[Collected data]
══════════════════════════════
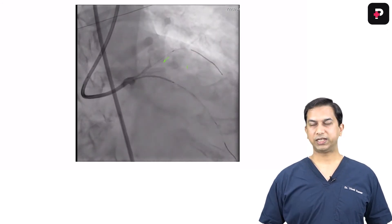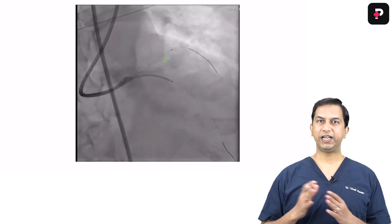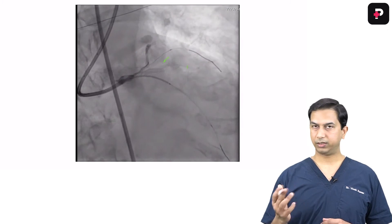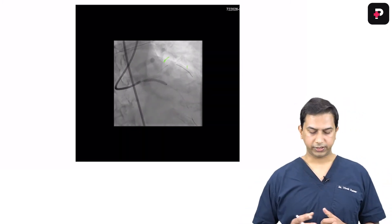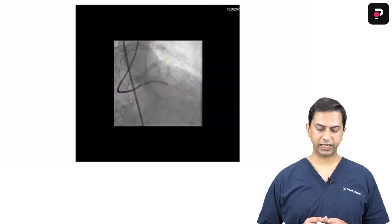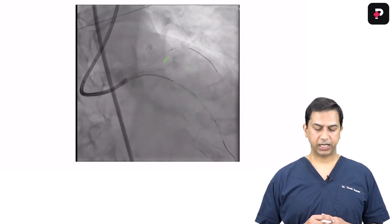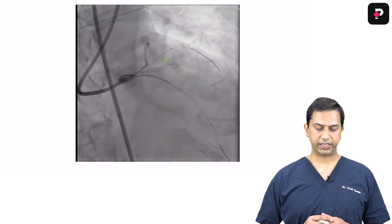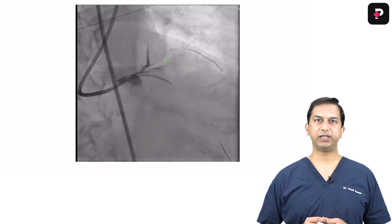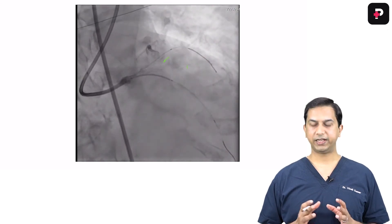This was effectively a triple bifurcation — diagonal-diagonal bifurcation, LAD-diagonal bifurcation, and distal left main bifurcation. There should be sufficient length of struts in the proximal main branch so that you can effectively crush that stent with the other stent. Now that the side branch stent has been deployed, you optimize the positioning of the left main-to-LAD stent. To best visualize the ostia of the left main, the best view is either LAO cranial or RAO cranial — whichever best shows the anatomy.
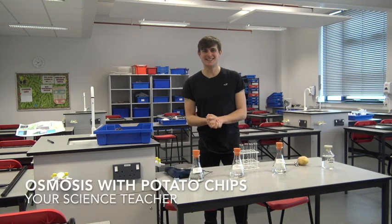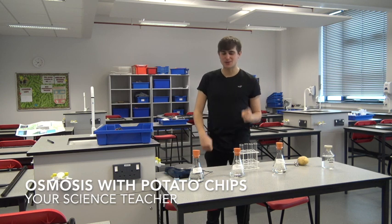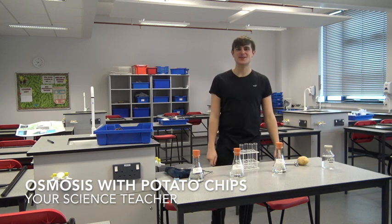Hi guys, it's your science teacher here back with another practical. This time I'm going to go through osmosis with you guys.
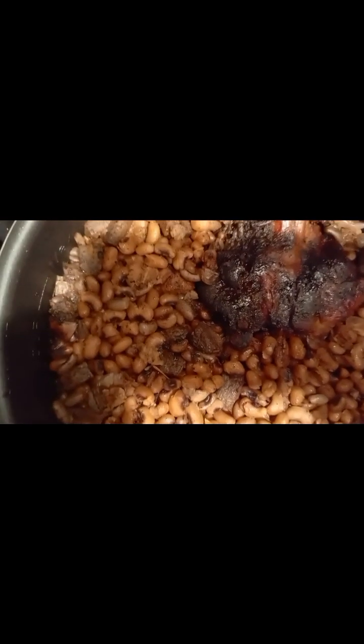Thank you for watching. God bless you. Okay, so the beans is done — it's done cooking. This is the beans, it's done. The pressure cooker did the work, cooking the beans for us. Thank you everyone for watching. God bless you all.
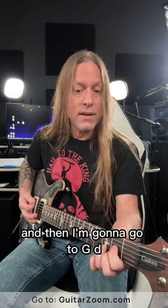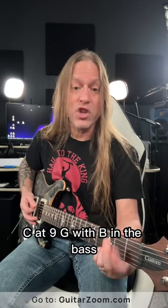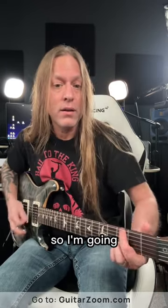And then I'm going to go to G, D, C add nine, G with B in the bass — so I'm going to that progression and then back.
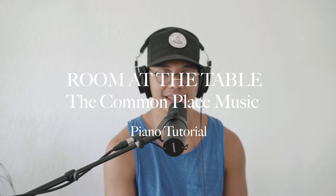Hey everyone, my name is Tim with The Commonplace Music, and today we'll be doing a keyboard tutorial of our song Room at the Table.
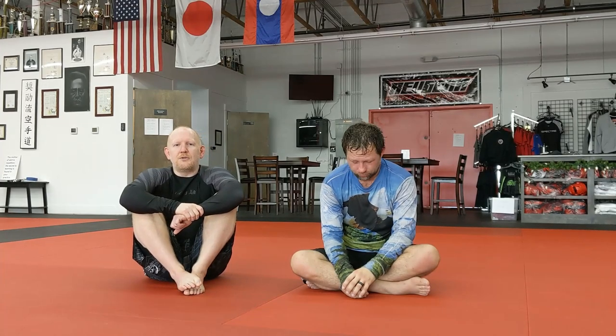Ladies and gentlemen, welcome back to Cheat Code Jiu-Jitsu. Jeff here again. We're starting on this lockdown path and we've worked on getting to the lockdown, setting it up from different positions, sliding into it. And now we're going to progress forward a little bit.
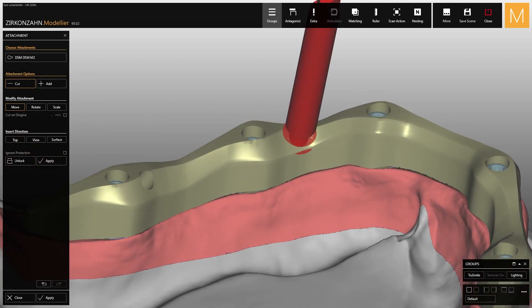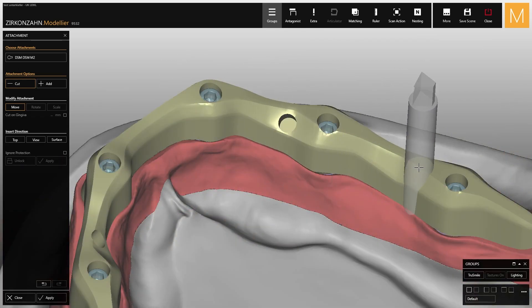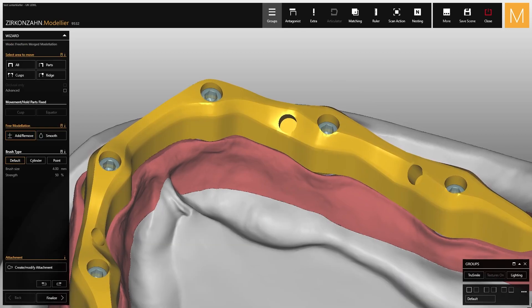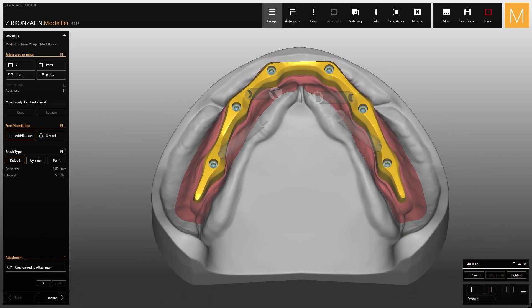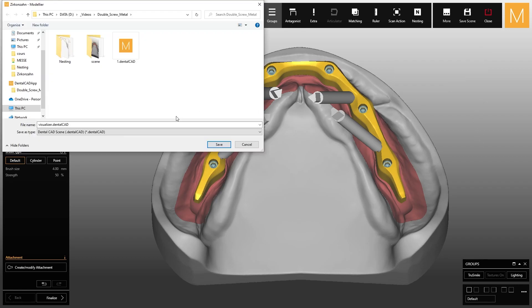Follow the same steps to create the other attachments. In our case, four screws are enough to fix the secondary structure. Once finished, save the visualizer of the four positioned attachments in STL format and finalize the bar.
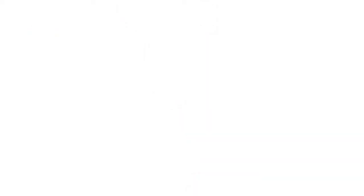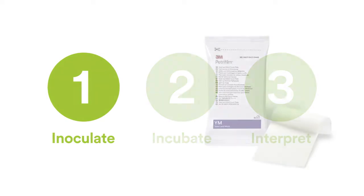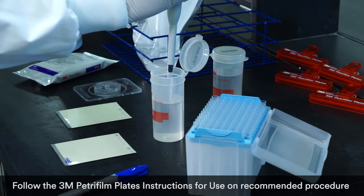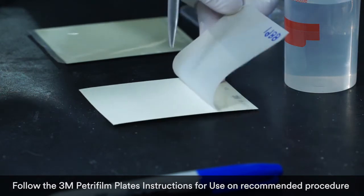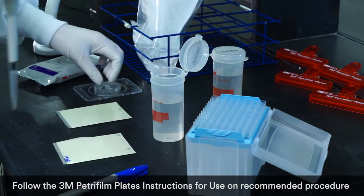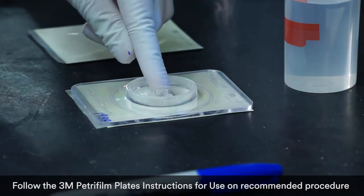With 3M Petrifilm plates there are just three simple steps to getting consistent, reliable test results. First, inoculate. Each slim pack of Petrifilm plates contains uniform testing media. Open the pack, take out one plate, lift the top film, and dispense one milliliter of the prepared diluent onto the center of the bottom film. No cumbersome, time-consuming agar prep required.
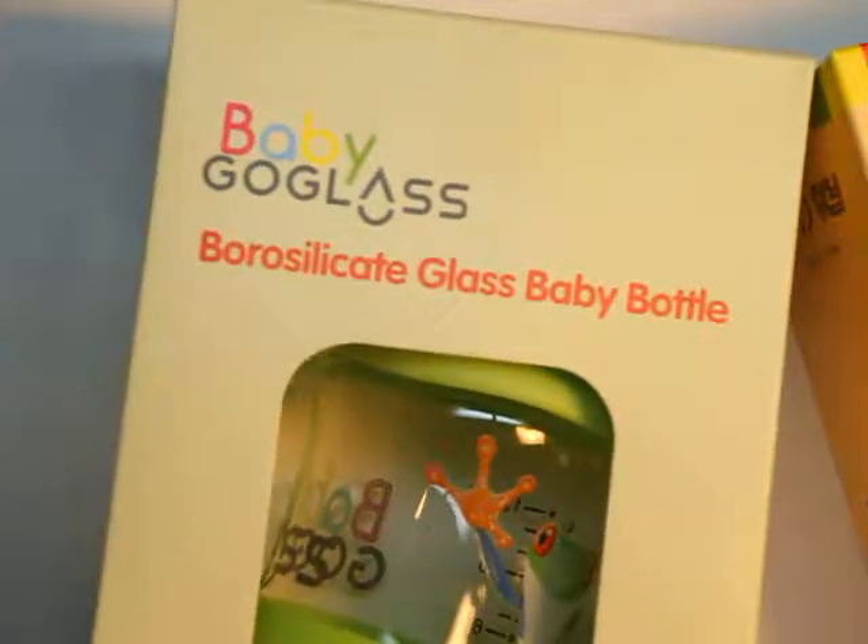All right, so we have the Curious Case of the White Box, and I'm going to tell you what's inside by Baby Glass. It's something you will all just love, so let's open it up. Curious won't come out, and yes, we have not one but two glass bottles, so let's start off with the first one.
══════════════════════════════
» THE TASK:
Exactly as written, reproduce the lines from the one containing "And then I'm" through the last line of the entries above, and leave every picture out.

» EXERCISE OUTPUT:
And then I'm going to go to G, D, C add nine, G with B in the bass — so I'm going to that progression and then back.
Hey everyone, my name is Tim with The Commonplace Music, and today we'll be doing a keyboard tutorial of our song Room at the Table.
Ladies and gentlemen, welcome back to Cheat Code Jiu-Jitsu. Jeff here again. We're starting on this lockdown path and we've worked on getting to the lockdown, setting it up from different positions, sliding into it. And now we're going to progress forward a little bit.
Follow the same steps to create the other attachments. In our case, four screws are enough to fix the secondary structure. Once finished, save the visualizer of the four positioned attachments in STL format and finalize the bar.
With 3M Petrifilm plates there are just three simple steps to getting consistent, reliable test results. First, inoculate. Each slim pack of Petrifilm plates contains uniform testing media. Open the pack, take out one plate, lift the top film, and dispense one milliliter of the prepared diluent onto the center of the bottom film. No cumbersome, time-consuming agar prep required.
All right, so we have the Curious Case of the White Box, and I'm going to tell you what's inside by Baby Glass. It's something you will all just love, so let's open it up. Curious won't come out, and yes, we have not one but two glass bottles, so let's start off with the first one.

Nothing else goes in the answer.